[[ Study material open ]]

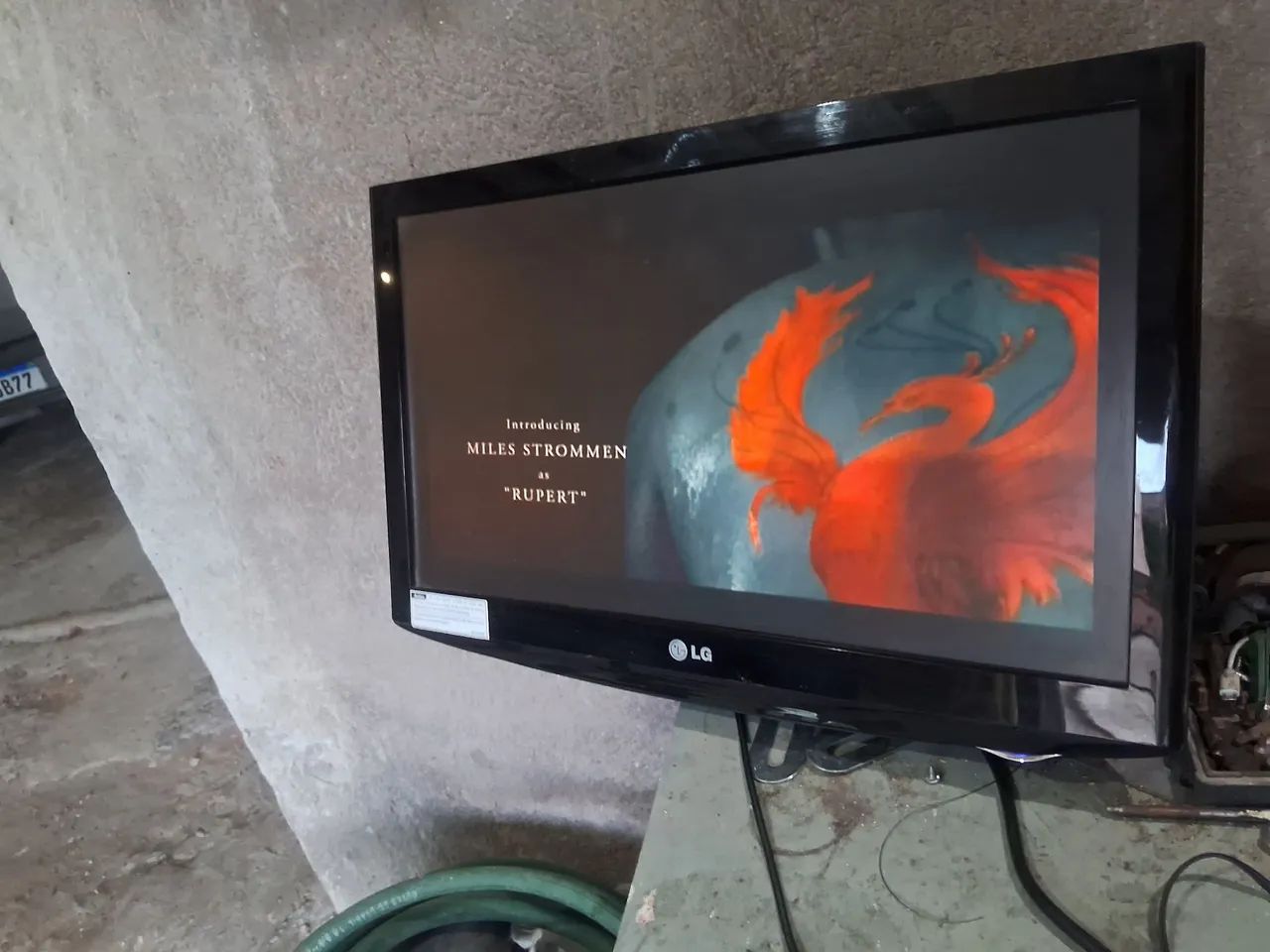 Vendo TV 22 polegadas funcionando perfeitamente por 120 reais entrego  - Foto 4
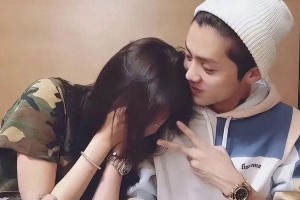 关晓彤鹿晗分手疑云与赵露思综艺停播内幕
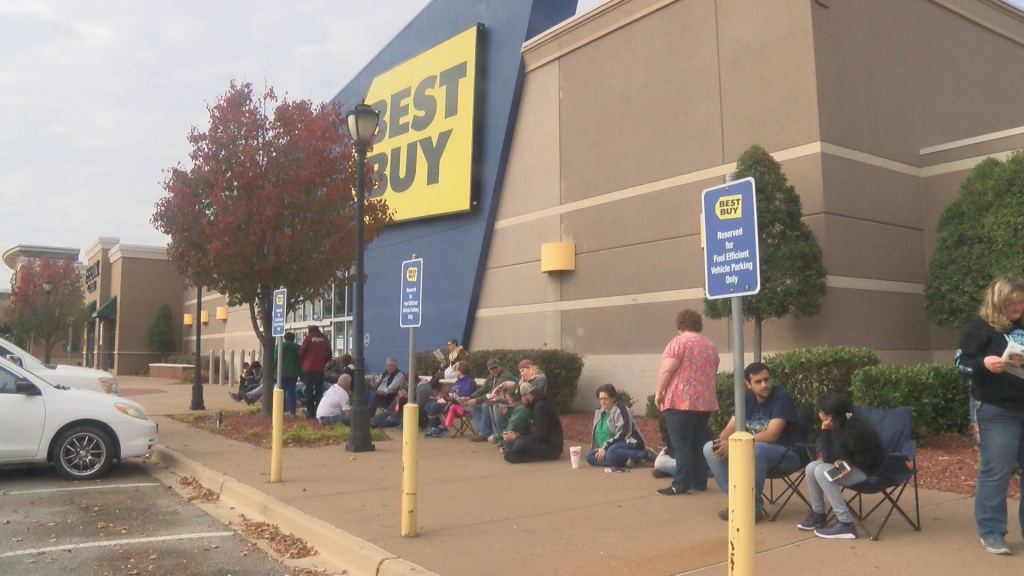 Black Friday shopping starts early at stores open on Thanksgiving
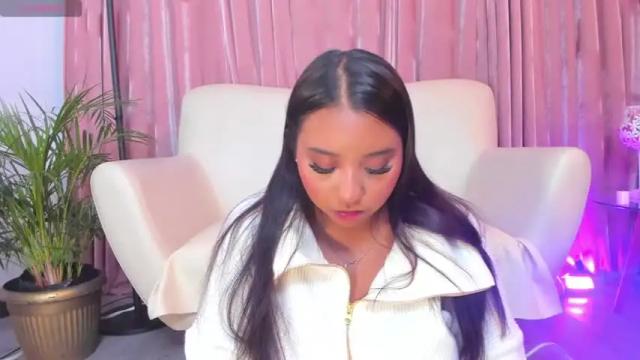 Image 8 of tammyloup Stream on Chaturbate on 14 months ago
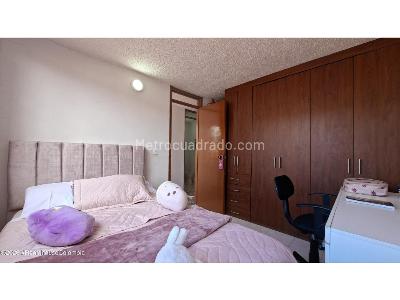 Apartamento en venta en Santa Teresa, Bogotá · foto 8 de 18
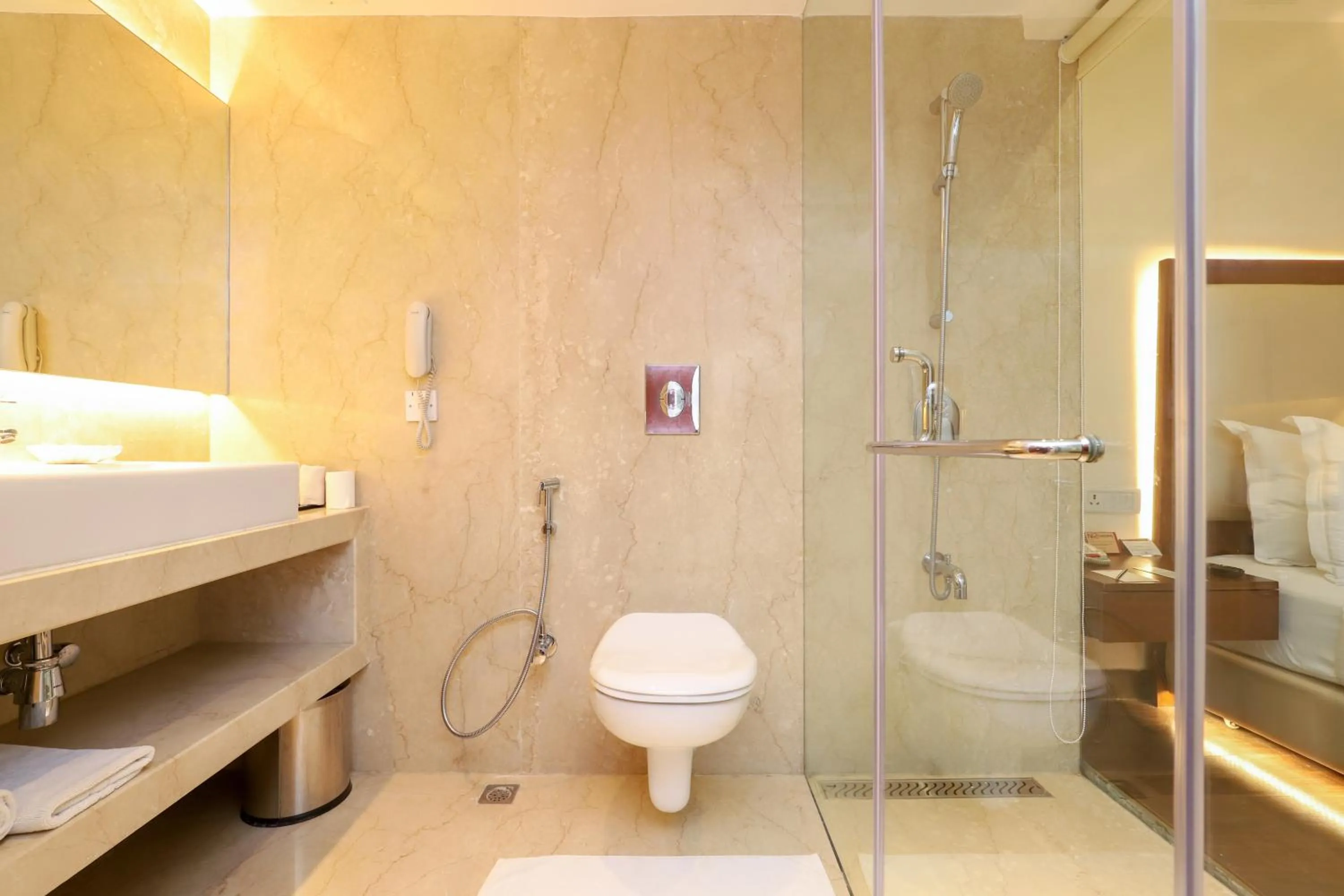 Bathroom in Hotel The Royal Plaza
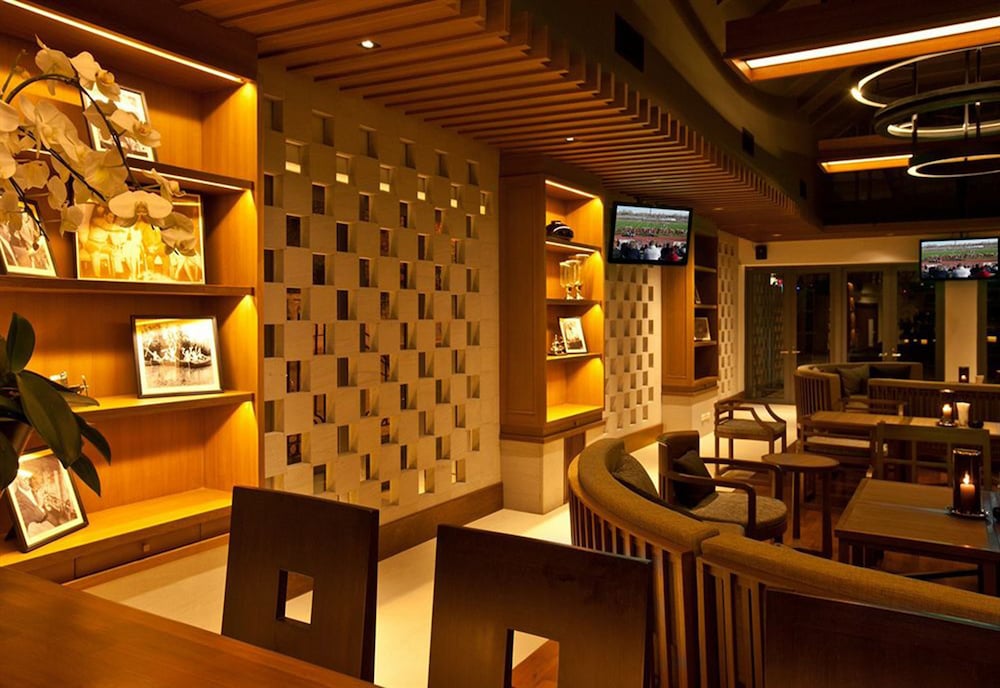 woodlands hotel and resort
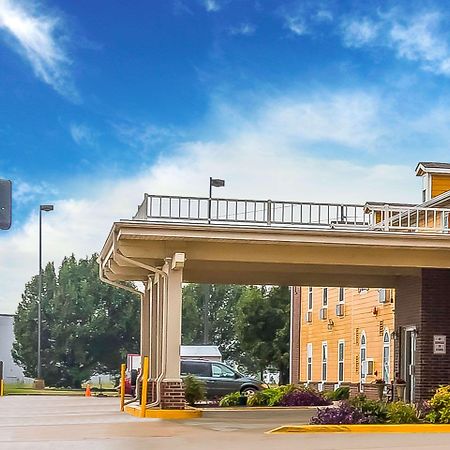 Quality Inn & Suites Chesterfield Village Springfield Zewnętrze zdjęcie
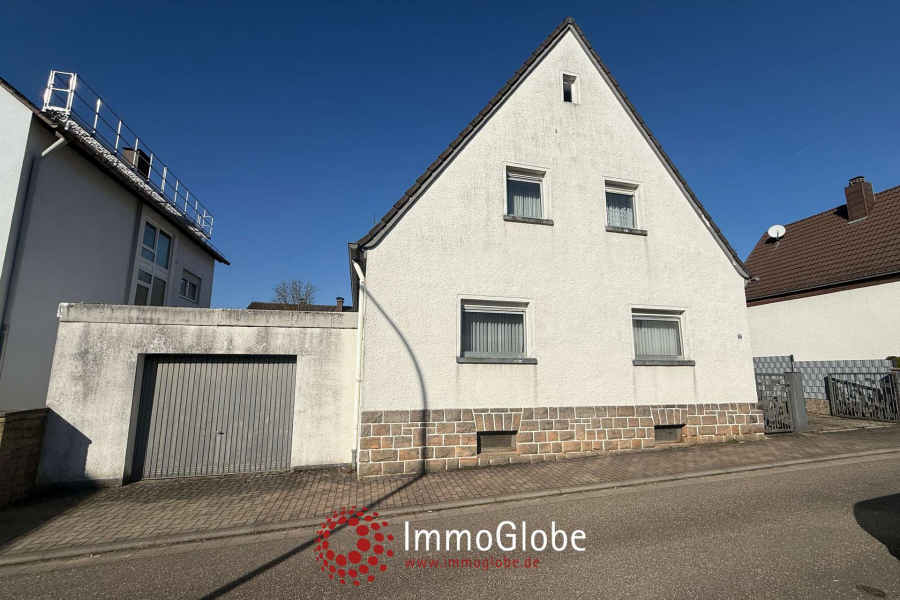 Handwerker Aufgepasst! Sanierungsbedürftiges Ein- bis Zweifamilienhaus in begehrter Lage, 66976 Rodalben, Mehrfamilienhaus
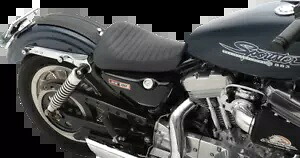 ドラッグ スペシャリティーズ ソロ フロント シート 0804-0615 Drag Specialties Solo Front Seats 0804-0615 【並行輸入品】|カスタムパーツ WORLD倉庫
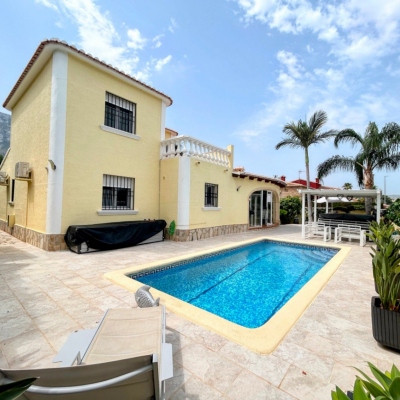 3 bed villa in Denia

[[ Study material closed ]]

- Directions for this task:
Your task is a word-for-word transcription of the entries, leaving out all pictures.

- Answer space:
 Vendo TV 22 polegadas funcionando perfeitamente por 120 reais entrego  - Foto 4
 关晓彤鹿晗分手疑云与赵露思综艺停播内幕
 Black Friday shopping starts early at stores open on Thanksgiving
 Image 8 of tammyloup Stream on Chaturbate on 14 months ago
 Apartamento en venta en Santa Teresa, Bogotá · foto 8 de 18
 Bathroom in Hotel The Royal Plaza
 woodlands hotel and resort
 Quality Inn & Suites Chesterfield Village Springfield Zewnętrze zdjęcie
 Handwerker Aufgepasst! Sanierungsbedürftiges Ein- bis Zweifamilienhaus in begehrter Lage, 66976 Rodalben, Mehrfamilienhaus
 ドラッグ スペシャリティーズ ソロ フロント シート 0804-0615 Drag Specialties Solo Front Seats 0804-0615 【並行輸入品】|カスタムパーツ WORLD倉庫
 3 bed villa in Denia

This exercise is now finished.